The Piano Lesson
A Brief History of Reconstruction
After the American Civil War, the daunting task of attempting to put a broken country back together fell upon the leaders of the country. There were many aspects and arguments to consider about how to proceed with such a delicate act; however, the primary goal was to quickly and successfully have the North and the South no longer need separate labels, but once again exist under the banner of the United States of America. The three main points of Reconstruction that were under debate and needed to be resolved were: if and how Confederate states would be allowed back into the Union; the civil status of all Confederate leaders; and the constitutional and legal status of the freedmen.
The first steps that eventually were made to try and reunite a nation were The Reconstruction Acts of 1867, outlining the process to be readmitted into the Union; the Fourteenth Amendment which granted freedmen national citizenship; and the Fifteenth Amendment which gave freedmen the right to vote. These all occurred following the Civil War, but at scattered intervals and each one came with its own set of opposition and problems due to political separation.

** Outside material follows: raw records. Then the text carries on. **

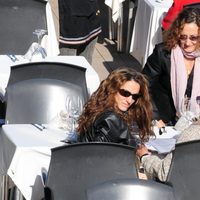 Telma Ortiz comiendo en Barcelona con su madre Paloma Rocasolano y su abuelo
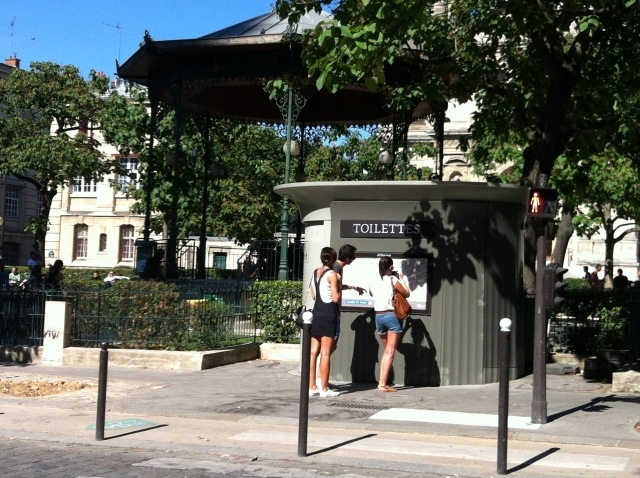 Un Objet À Paris : Les Toilettes Publiques – Citazine tout Toilette Publique Paris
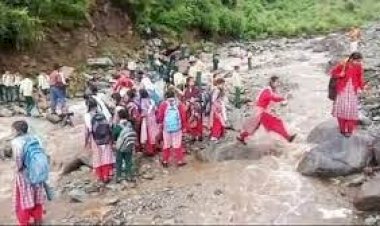 चंबा के सलूणी में बरसाती नाले में..... आई बाढ़ में फंसे गए थे 195 विद्यार्थी ........
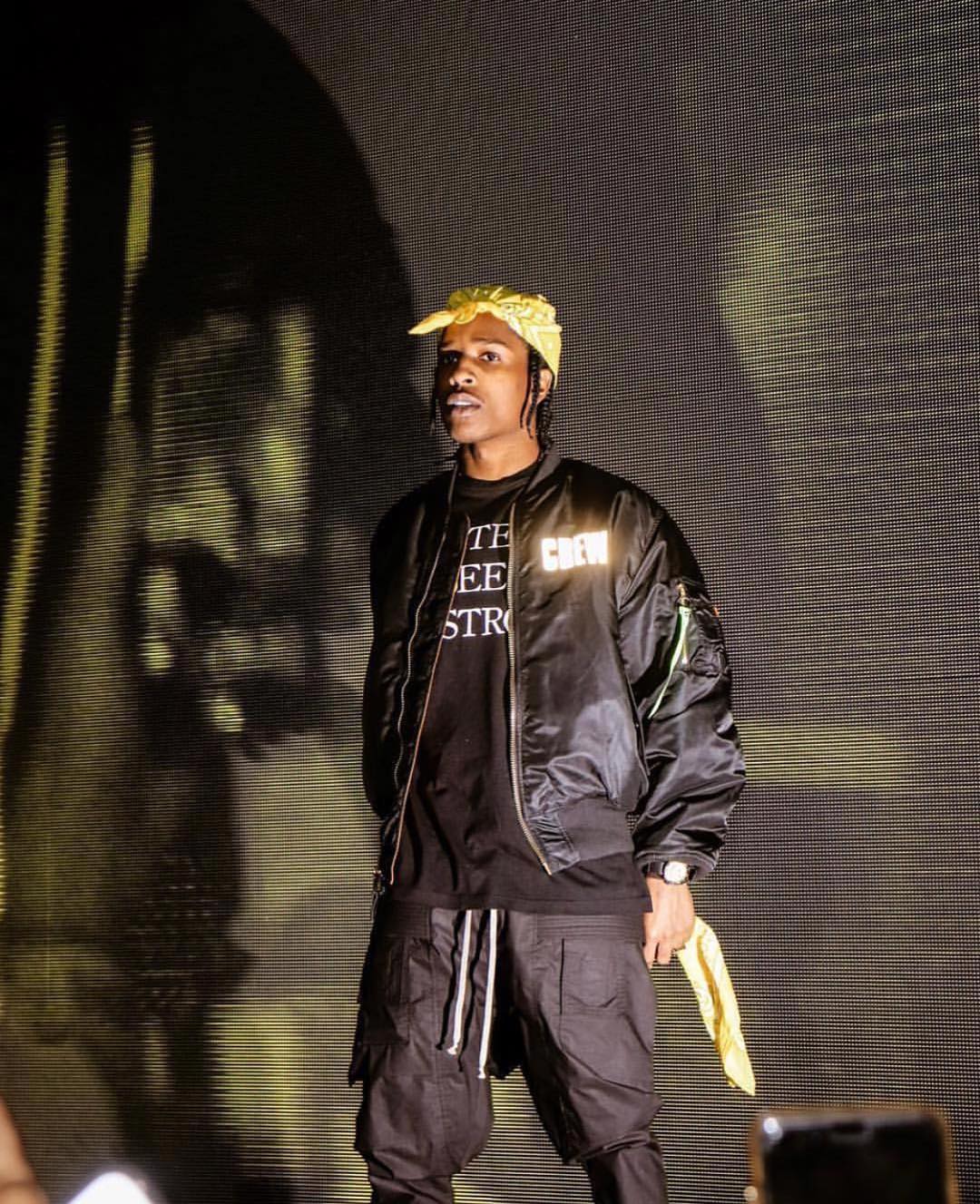 A$AP ROCKYs YELLOW BANDANA on X: Why is he wearing a black bandana??   / X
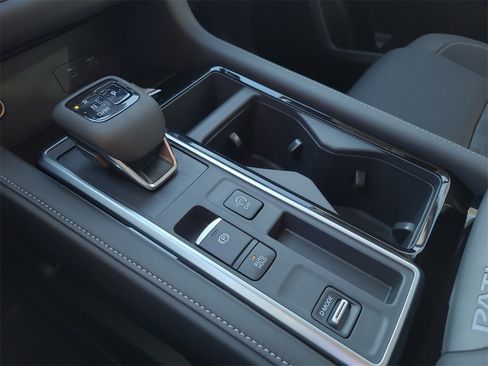 New 2025 Nissan Pathfinder SV image 19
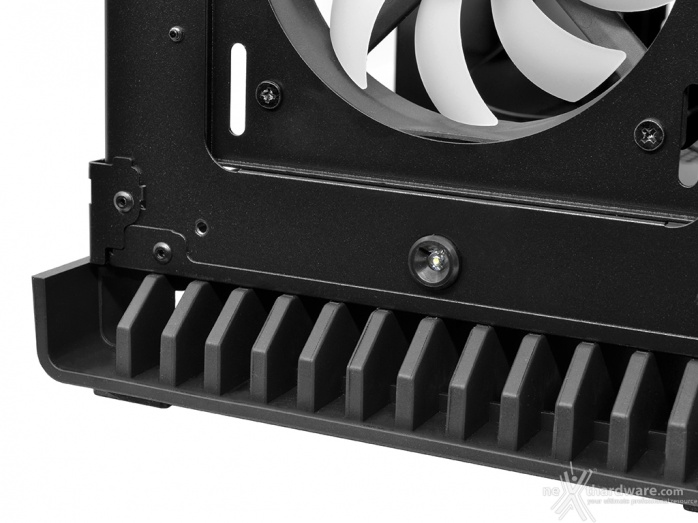 Corsair Crystal 570X RGB 6. Particolari 4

In order to be readmitted into the Union, each Southern state had to follow certain steps: their alliance with the confederacy had to be surrendered and a vow taken to never follow the Confederacy again, a new government system within the state had to be instilled and then assuming this new government was successful, the state could reapply for status within the Union. Pre-dating this was the discussion of what to do with Confederate leaders. President Johnson originally declared no mercy on these rebels and that they would all pay for their crimes committed; however, in practice he actually forgave many of these rebels and even went so far as to return their land. (The Freedman’s Bureau had actually taken the criminals land to redistribute to the newly freed slaves, but President Johnson argued it was unconstitutional and had all land returned to the white owners). Only one war criminal hung for his crimes and the rest were allowed to return to their daily lives. In due course, many of the original war leaders even returned to power in the South, outraging congress. This led to the creation of “Black Codes” or Jim Crow laws in the South which was the birth of segregation. Segregation called for “separate but equal” policies which had schools, public transportation and other public places house two forms: one for blacks and one for whites (a policy that existed in the South until the 1960s). Most of these states found themselves successfully reinstated with the help of President Johnson. Johnson however was not gaining any favor within his Cabinet and Congress. In 1865, the 13th Amendment abolished slavery. Next was the 14th Amendment which granted citizenship to all persons born or naturalized in the United States. The 15th Amendment provided that a national vote could not be denied because of race, color or previous servitude. Johnson rallied against the 15th Amendment, using his influence to block full ratification of the amendment (since three-fourths of the states are needed to ratify an amendment). The amendment was later successfully ratified, but his opposition led to more battling within governmental officials, pinning Democrats against Republicans. Eventually, this would lead the impeachment trial of Andrew Johnson where he was acquitted by one vote. However, the impact of the trial led to a huge loss of support for Johnson, and the successful establishment of the amendments that promoted the freedom of people of color post-slavery.
Historians today agree that the Reconstruction movement, though begun as a measure of good faith to try and restore the country, ended as a failure. The purpose was to have both sides of the country agree on the equality of all men, but the aftermath of trying to impose a “quick recovery” meant in the end having all states “United” only by name. The support of Southern “Black Codes” and the lack of punishment for Confederate leaders perpetuated the inequality of ex-slaves in the Southern states, not to mention the undeniable violence that ensued against African-Americans from those who could not accept their liberty. Many of these crimes would go unnoticed and unpunished for years after. Unfortunately, segregation would still keep our country apart in a very real way for almost another 100 years.